## Information shown
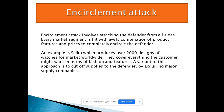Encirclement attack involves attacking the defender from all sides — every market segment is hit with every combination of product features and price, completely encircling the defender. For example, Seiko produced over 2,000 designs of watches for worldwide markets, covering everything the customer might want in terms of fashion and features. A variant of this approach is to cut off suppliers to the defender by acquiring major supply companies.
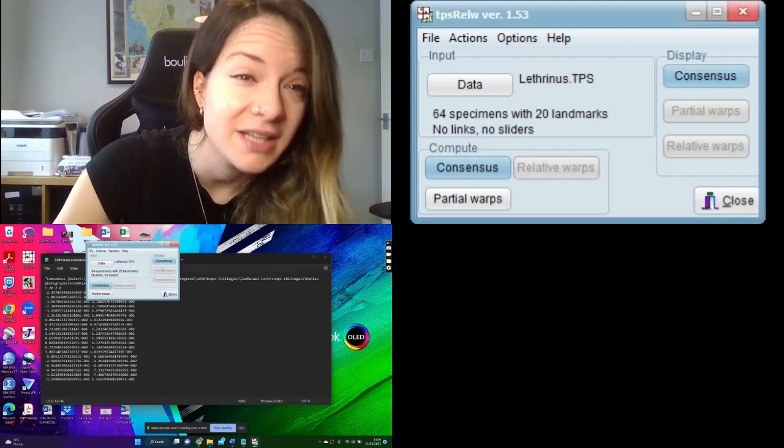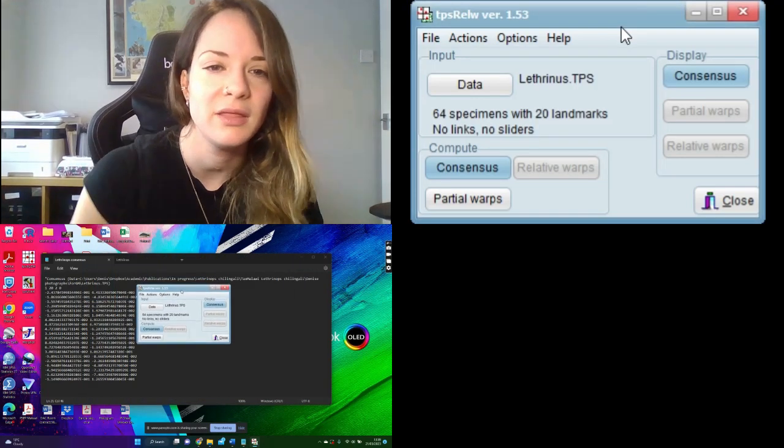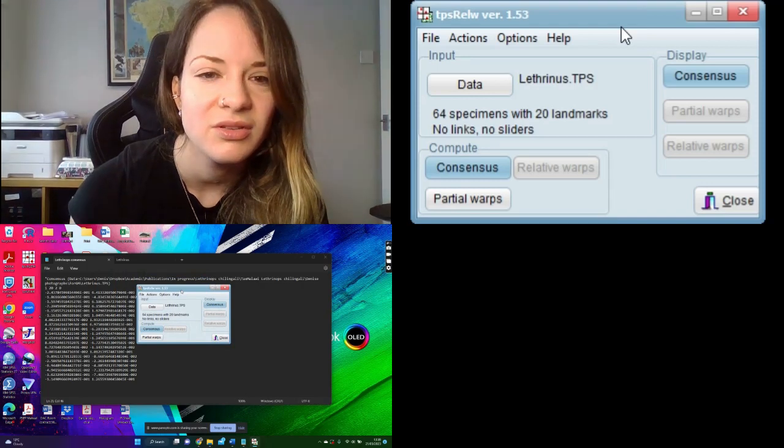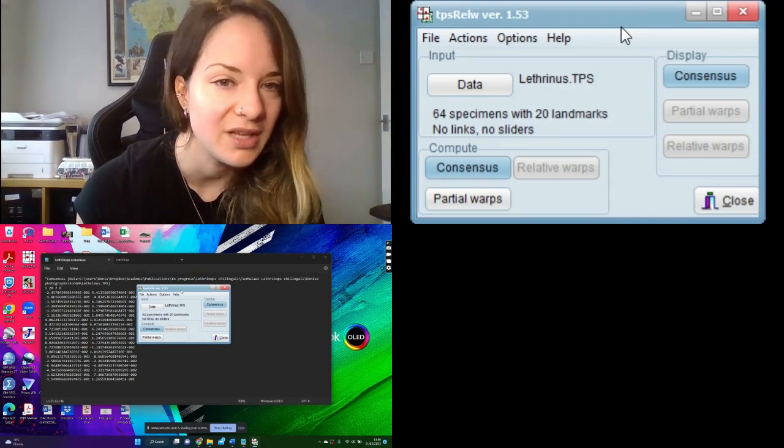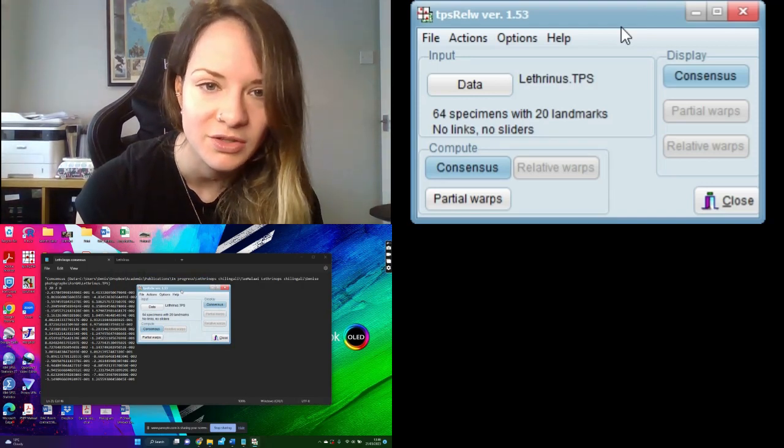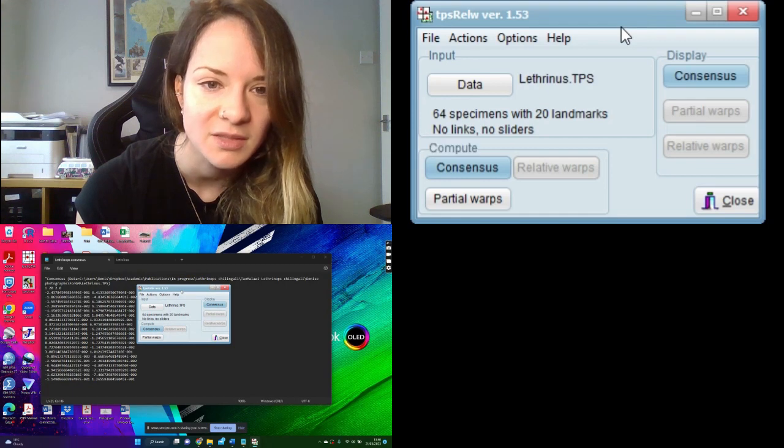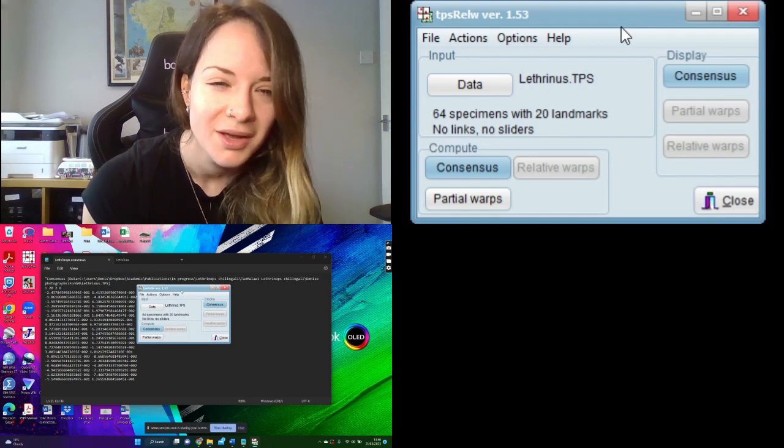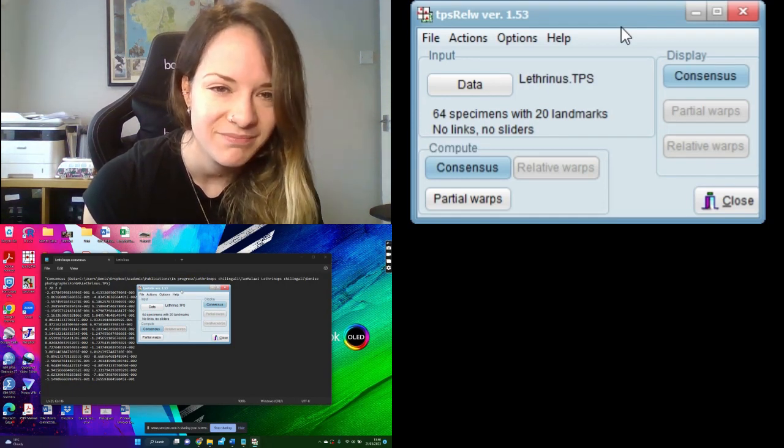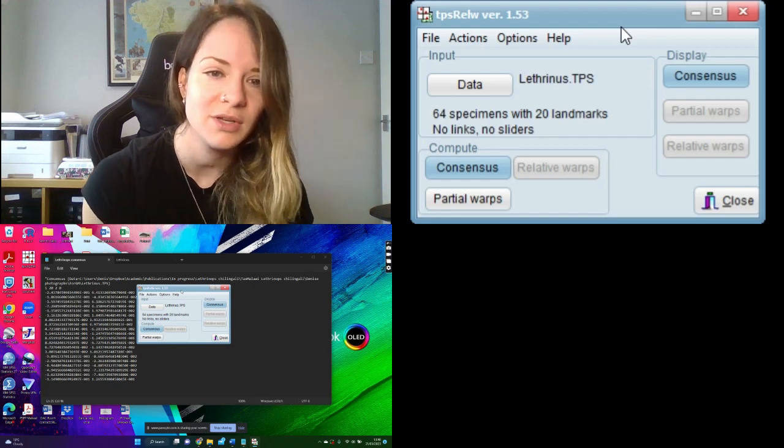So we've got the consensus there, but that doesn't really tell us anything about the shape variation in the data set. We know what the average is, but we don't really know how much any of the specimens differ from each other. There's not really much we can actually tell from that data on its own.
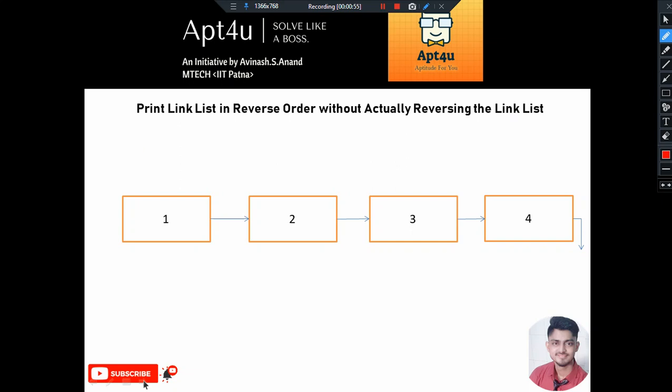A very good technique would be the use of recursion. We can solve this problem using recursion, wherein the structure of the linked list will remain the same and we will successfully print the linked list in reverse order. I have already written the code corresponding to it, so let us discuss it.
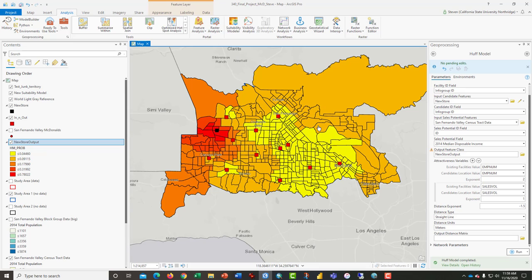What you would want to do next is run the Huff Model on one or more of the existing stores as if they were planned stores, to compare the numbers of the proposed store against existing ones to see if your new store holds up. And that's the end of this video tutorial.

## What to work on
Each line from the one with "A very good" to the final line of the data above is to be printed exactly; no picture should appear in the copy.

## Reply
A very good technique would be the use of recursion. We can solve this problem using recursion, wherein the structure of the linked list will remain the same and we will successfully print the linked list in reverse order. I have already written the code corresponding to it, so let us discuss it.
What you would want to do next is run the Huff Model on one or more of the existing stores as if they were planned stores, to compare the numbers of the proposed store against existing ones to see if your new store holds up. And that's the end of this video tutorial.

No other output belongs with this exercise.